SALT LAKE CITY — The family of a Utah man killed by a U.S. marshal after he charged a witness during his 2014 racketeering trial sued the federal government and the officer Thursday, saying the shooting was negligent or reckless in the secure courtroom.
Siale Angilau, 25, was shot three times in the back after an initial shot stopped his lunge toward the stand with a pen, his family said in the lawsuit.
Authorities have said Angilau was aggressive and threatening. The marshal was not charged in the shooting and has not been publicly identified.
Angilau’s parents claim the marshal should have known there was no way Angilau had a deadly weapon. With five other marshals in the court room, there were other ways to stop him without shooting him, the lawsuit said.
The U.S. Attorneys Office of Utah declined to comment on the suit. A U.S. Marshals Service spokesman did not immediately return a telephone message seeking comment.
No one else in the courtroom was hurt, including the witness, described as a fellow gang member who had been testifying about gang initiation.
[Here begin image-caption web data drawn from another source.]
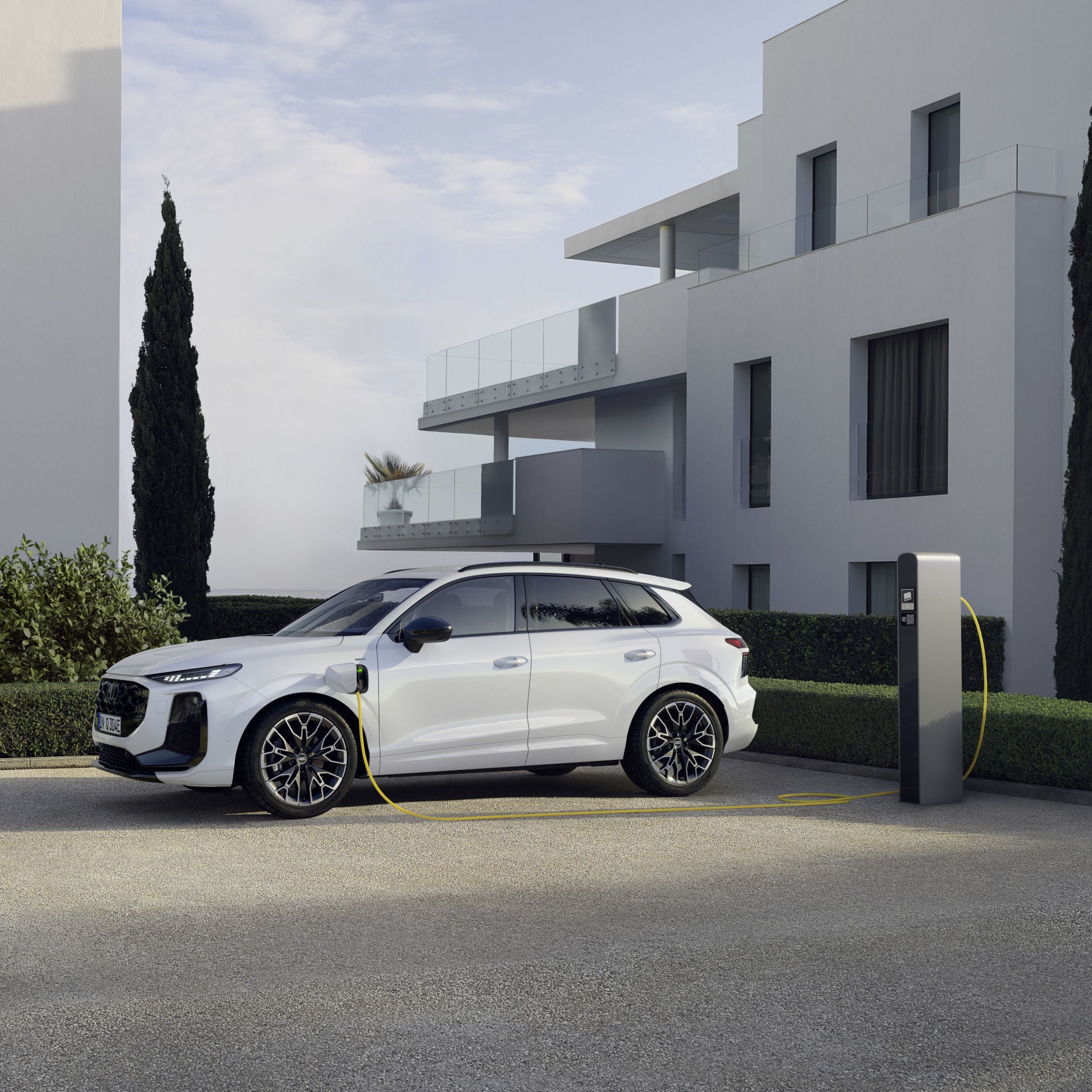 De Audi Q3 e-hybrid voor twee witte wooncomplexen.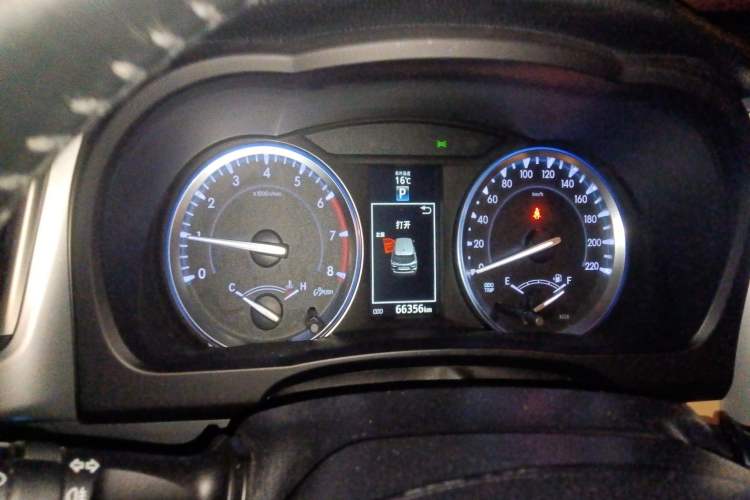 Used Toyota Highlander 2015 2.0T Four-Wheel Drive Ultimate Edition 7-Seater Instrument Cluster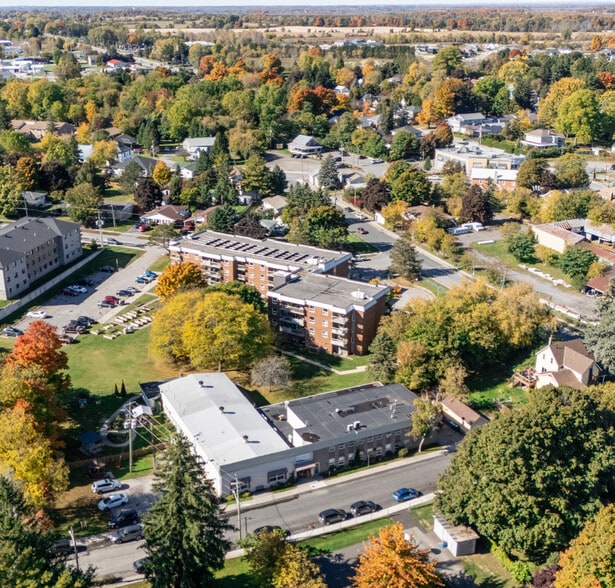 More Photos Of 111 West Mary St, Picton Assisted Living For Sale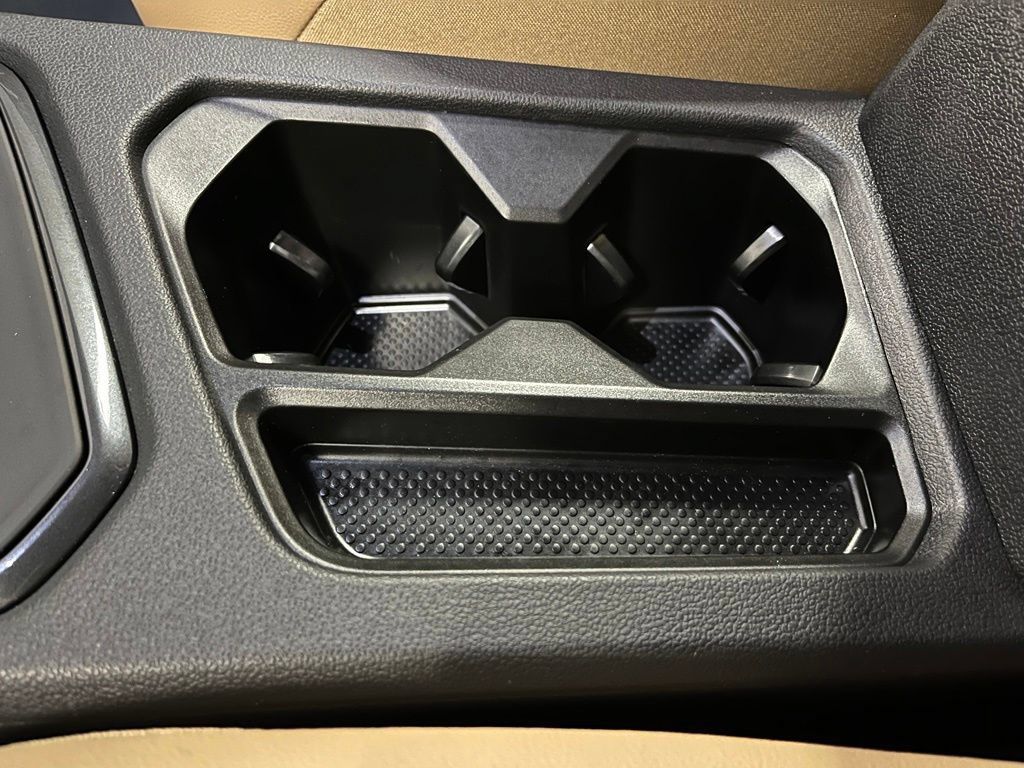 Used 2024 Volkswagen Tiguan SE FWD image 15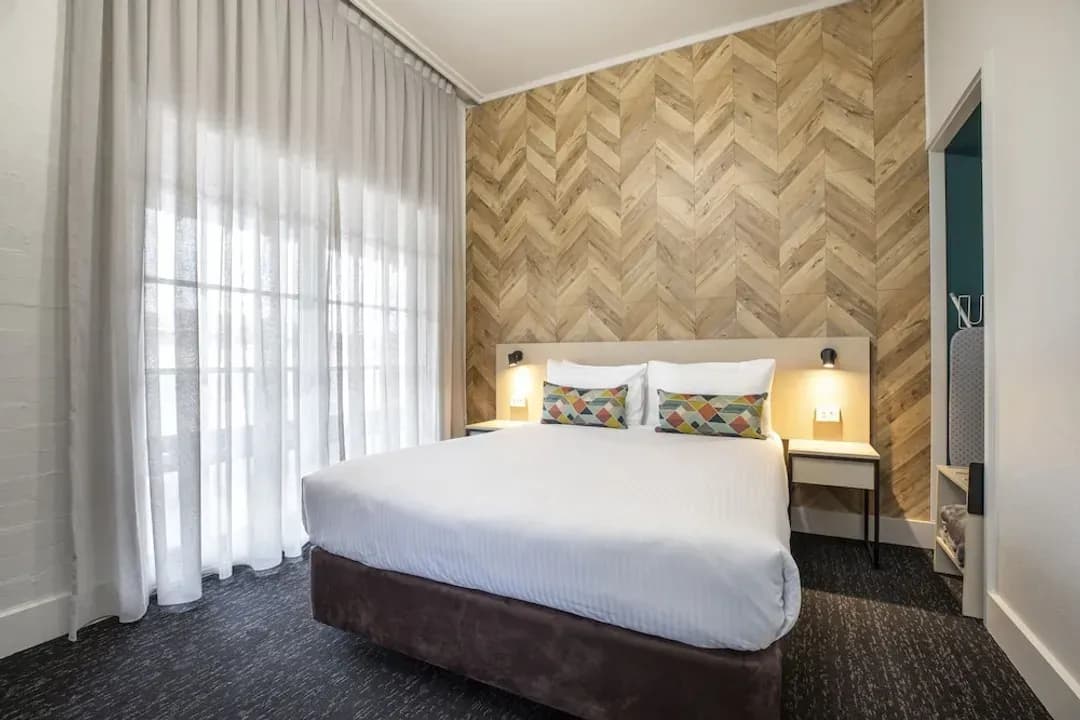 Melbourne District-Nightcap at Sylvania Hotel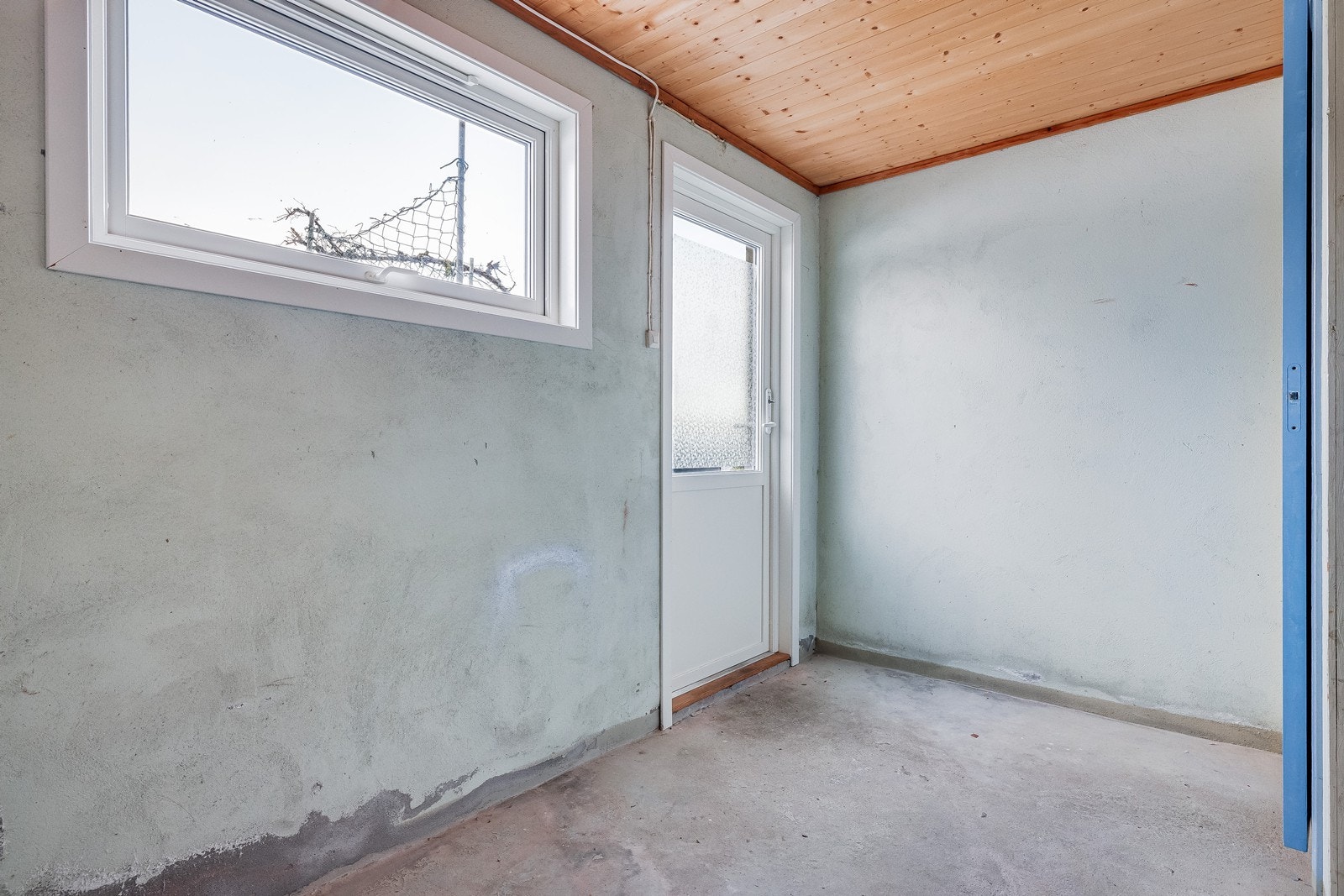 Det er direkte utgang fra vaskerommet. Galleribilde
Angilau was previously accused of firing at two U.S. marshals, though it’s unclear whether the officer who shot him was aware of that, his family said.
The U.S. District Court in Utah has refused to publicly release video of the shooting, citing security concerns, despite requests from media outlets and Republican Rep. Jason Chaffetz of Utah. Angilau’s family has viewed the footage.
Angilau was one of 17 people named in an indictment accusing Tongan Crip gang members of assault, conspiracy, robbery and weapons offenses.
The gang is composed of young men of Tongan, Samoan and other Pacific Island descent. Utah has one of the country’s largest communities of people of Polynesian descent.
Angilau was accused of robbing convenience stores and assaulting clerks in Salt Lake City and was the final defendant in the case to stand trial. Others had been sentenced to 10 to 30 years in prison.
His April 21, 2014, death came a week after the opening of a new $185 million federal courthouse in Salt Lake City next door to the century-old federal facility it replaced.
Defendants usually are not shackled when they appear at trial. Courts have held it’s unfair to defendants for jurors to see them restrained.